------ Data to process

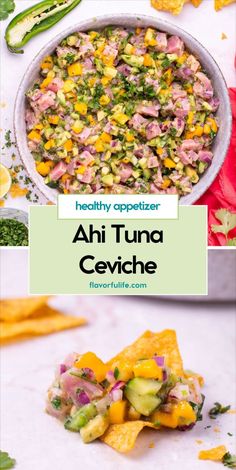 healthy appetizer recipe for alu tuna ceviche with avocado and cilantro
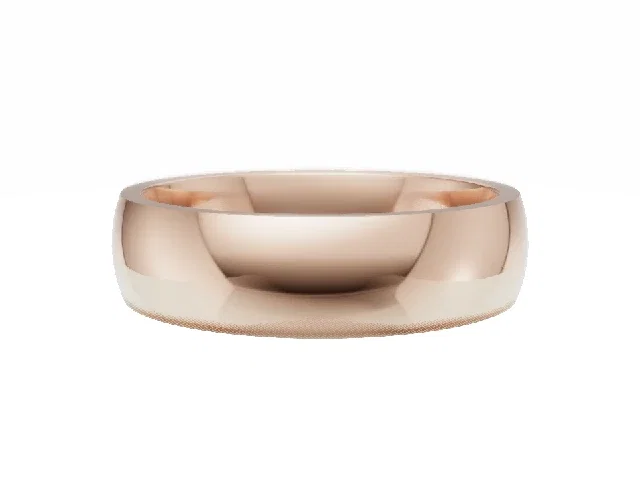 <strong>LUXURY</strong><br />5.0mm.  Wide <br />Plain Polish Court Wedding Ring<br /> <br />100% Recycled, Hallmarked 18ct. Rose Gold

------------
------ Data to process

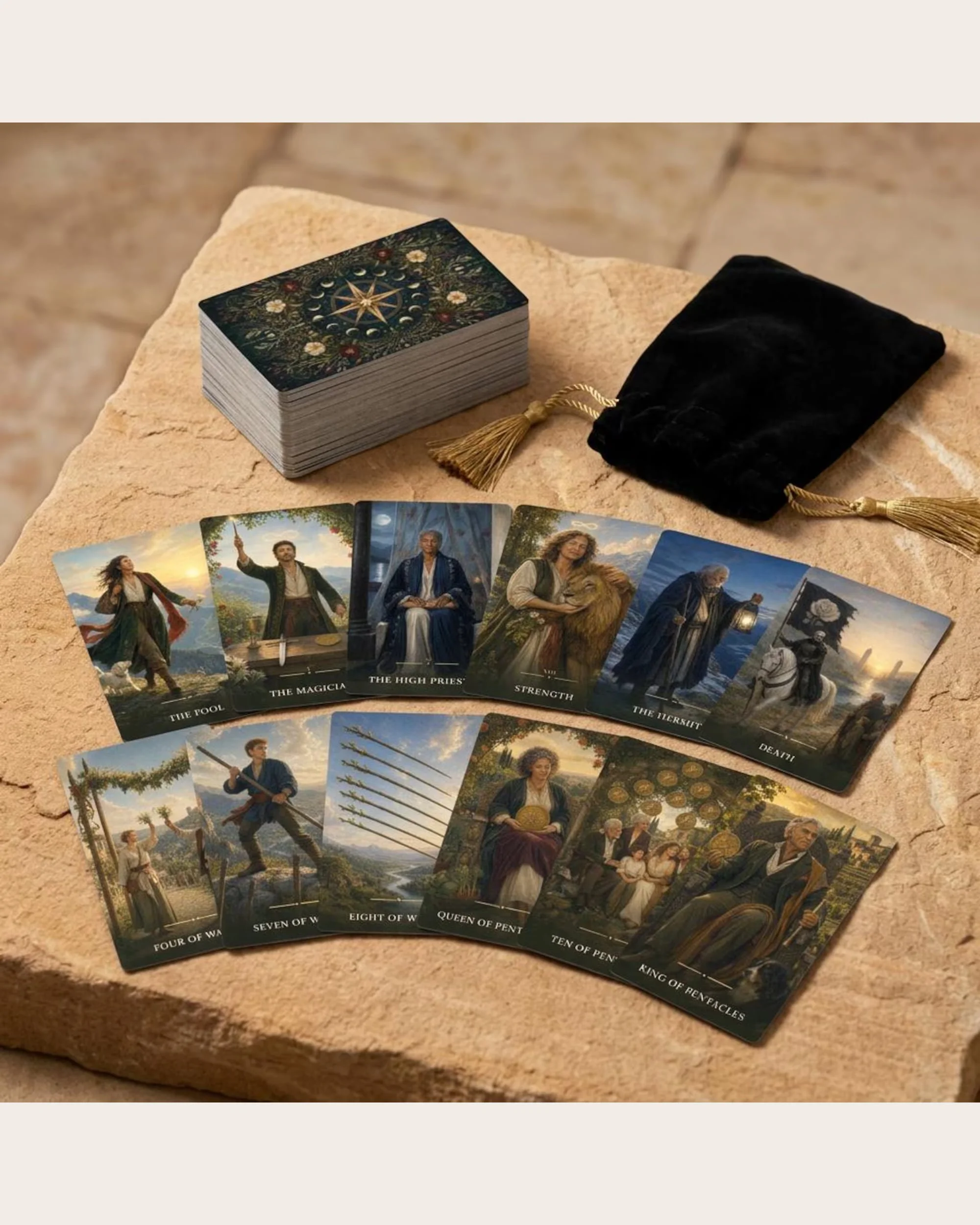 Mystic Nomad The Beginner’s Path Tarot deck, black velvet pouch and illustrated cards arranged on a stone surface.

------------

### What to do
Exact copy, pictures excluded: from the line with "healthy appetizer recipe" up to and including the line with "18ct. Rose Gold" in the data above.

### Worked solution
 healthy appetizer recipe for alu tuna ceviche with avocado and cilantro
 <strong>LUXURY</strong><br />5.0mm.  Wide <br />Plain Polish Court Wedding Ring<br /> <br />100% Recycled, Hallmarked 18ct. Rose Gold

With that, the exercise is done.